Aux Communes, le bloquiste Mario Beaulieu a présenté une motion dénonçant l’article, mais celle-ci a été rejetée faute de consentement unanime des députés. Il a qualifié l’article de «charge québécophobe d’une rare intensité» et de «Quebec bashing», exhortant le Maclean’s à s’excuser également.
– Avec la collaboration de Patrick Bellerose et Christopher Nardi
Qui est Andrew Potter?
- Directeur de l’Institut d’études canadiennes de McGill, depuis août 2016
- Ex-rédacteur en chef du Ottawa Citizen
- De 2006 à 2011, il est chroniqueur d’Affaires publiques au MacLean’s
- Il a enseigné la philosophie de 2001 à 2004 à Trent University à Peterborough
- Il a étudié la philosophie à McGill, où il a obtenu un baccalauréat en Arts en 1993
- Il a obtenu un doctorat de l’Université de Toronto
- Il a fait des études en Éthiques à l’Université de Montréal à titre de titulaire d’une bourse postdoctorale
Sources : Linkedin de Andrew Potter et l’Institut de McGill
Extraits de la chronique
«Le moindre stress se fraie un chemin dans les fissures du squelette politique transformant ces fissures en fractures et l’idée même de la société québécoise se met à ressembler à un job de peinture cheap d’un atelier de carrosserie».

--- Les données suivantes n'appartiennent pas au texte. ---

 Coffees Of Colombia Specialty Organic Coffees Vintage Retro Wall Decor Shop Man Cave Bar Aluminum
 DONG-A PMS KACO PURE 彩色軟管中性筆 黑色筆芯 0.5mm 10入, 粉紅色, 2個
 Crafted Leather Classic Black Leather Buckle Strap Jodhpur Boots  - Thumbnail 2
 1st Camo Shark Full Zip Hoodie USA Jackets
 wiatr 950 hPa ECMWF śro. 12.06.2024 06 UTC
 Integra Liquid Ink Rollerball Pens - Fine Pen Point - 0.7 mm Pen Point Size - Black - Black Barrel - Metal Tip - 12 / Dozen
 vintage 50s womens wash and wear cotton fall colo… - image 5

«Le fiasco (de l'autoroute 13) est dépeint comme un scandale politique, marqué par la paresse administrative, l’absence de leadership et un échec de la communication. Bien qu’il y ait un peu de tout ça dans cet épisode, ce qui est beaucoup plus inquiétant, c'est la façon dont le cafouillage a révélé l’important malaise qui ronge les fondements de la société québécoise.»
«Comparativement au reste du pays, le Québec est une société où il y a peu de confiance, à la limite de l'aliénation pathologique, déficiente dans plusieurs des formes de capital social de base que les autres Canadiens tiennent pour acquis.»

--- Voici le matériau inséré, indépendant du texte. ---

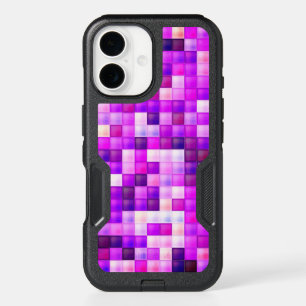 Video Game Pixels Pink Square Pattern iPhone 16 Case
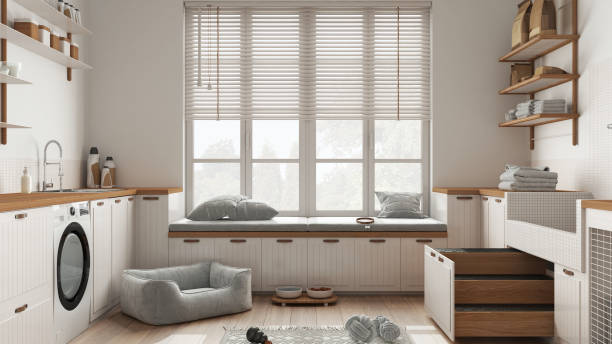 istock Space devoted to pet, scandinavian laundry room, wooden and white mudroom with window and sofa, dog bed, dog bath shower with ladder, accessories, shelves with food. Interior design 1397379528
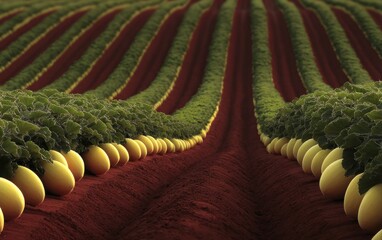 Rows of melons in a field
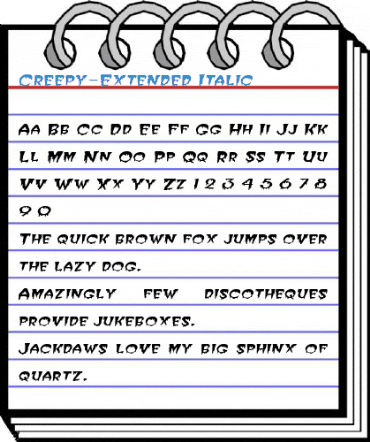 Creepy-Extended Italic Font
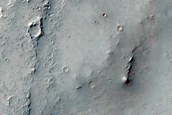Inverted Channel Cutting Crater in Noachis Terra
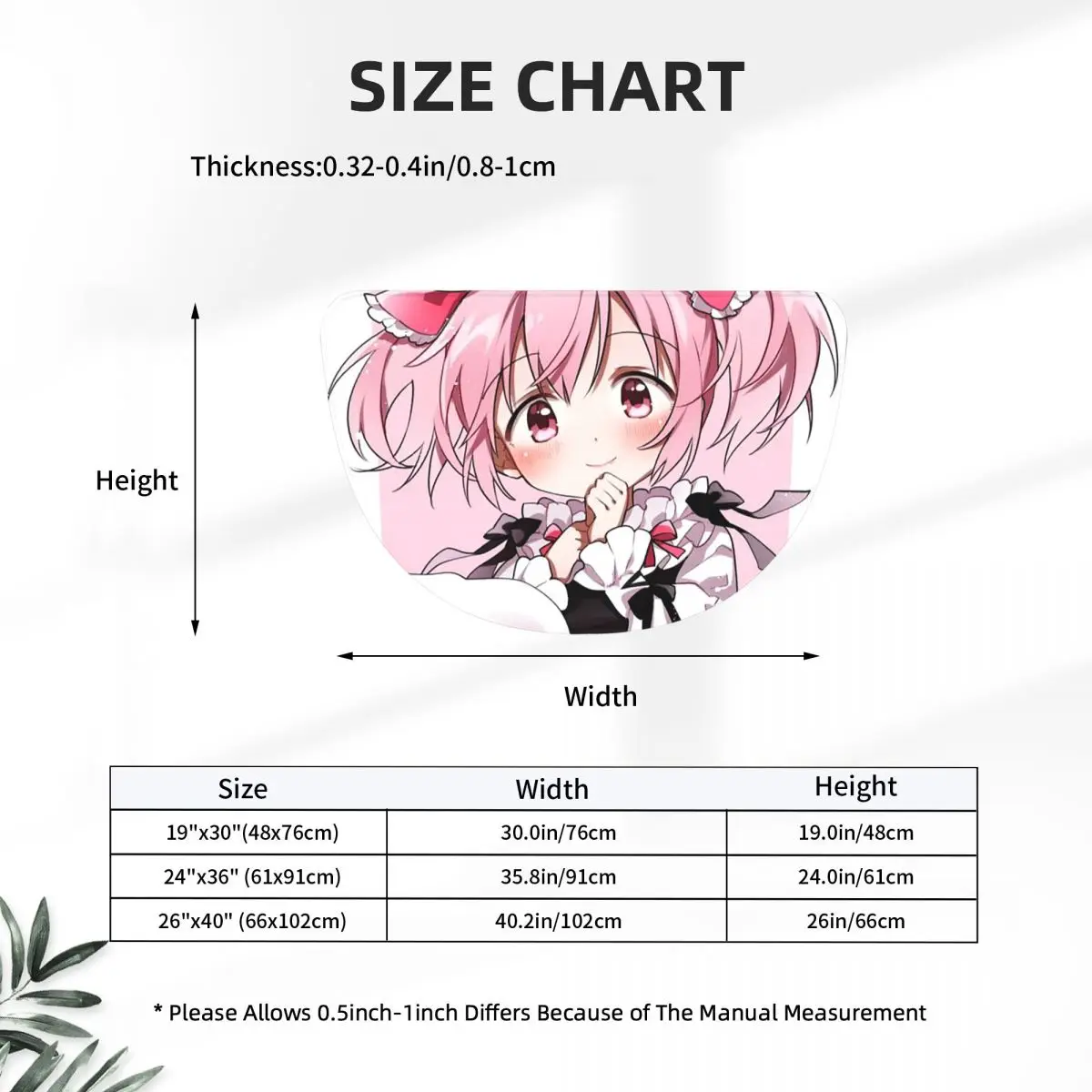 Puella Magi Madoka Magica Soft Flannel Half Round Doormat Non Slip Bathroom Mat Absorbent Floor Carpet for Garage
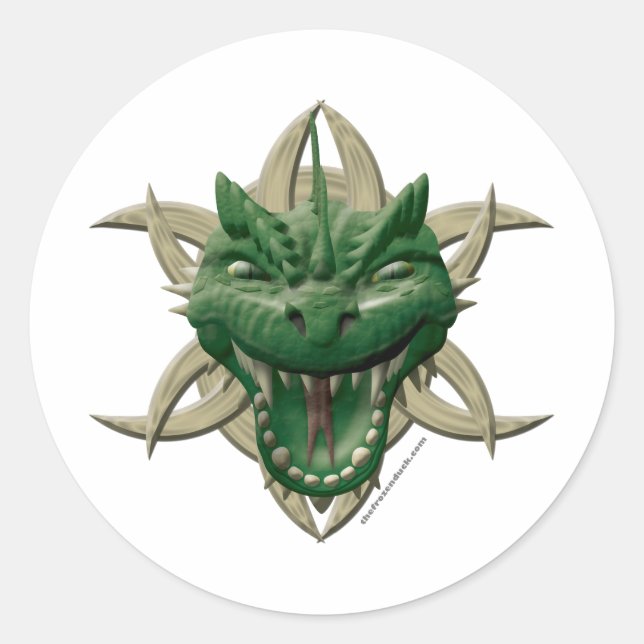 Sticker Rond Tête de dragon - Vert (Devant)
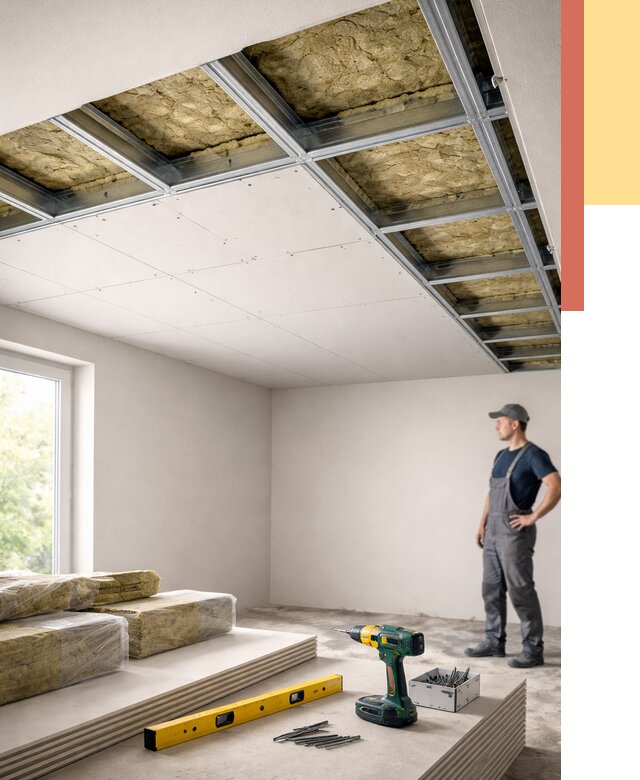 Звукоизоляция потолка ГКЛ в Дальнереченске от 968 руб. — монтаж под ключ | ОТДЕЛОЧНИК-Длн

«L’absence de solidarité se manifeste de différentes façons et est si criante que ça fait partie du bruit ambiant de la ville. Un exemple flagrant: les policiers de Montréal ne portent pas d'uniformes appropriés. Depuis 2014, les policiers municipaux portent des pantalons de camouflage rose, jaune et rouge en guise de protestation contre la réforme des régimes de retraite.»
«Ce ne sont pas seulement les restaurants. Différents entrepreneurs, ou garagistes insistent pour que vous payiez en argent comptant. Il en va de même pour les médecins de famille ou les cliniques d’échographie. Ce qui est frappant ce n’est pas que les guichets automatiques des banques distribuent des 50 $ par défaut, c’est que tout le monde les acceptera.»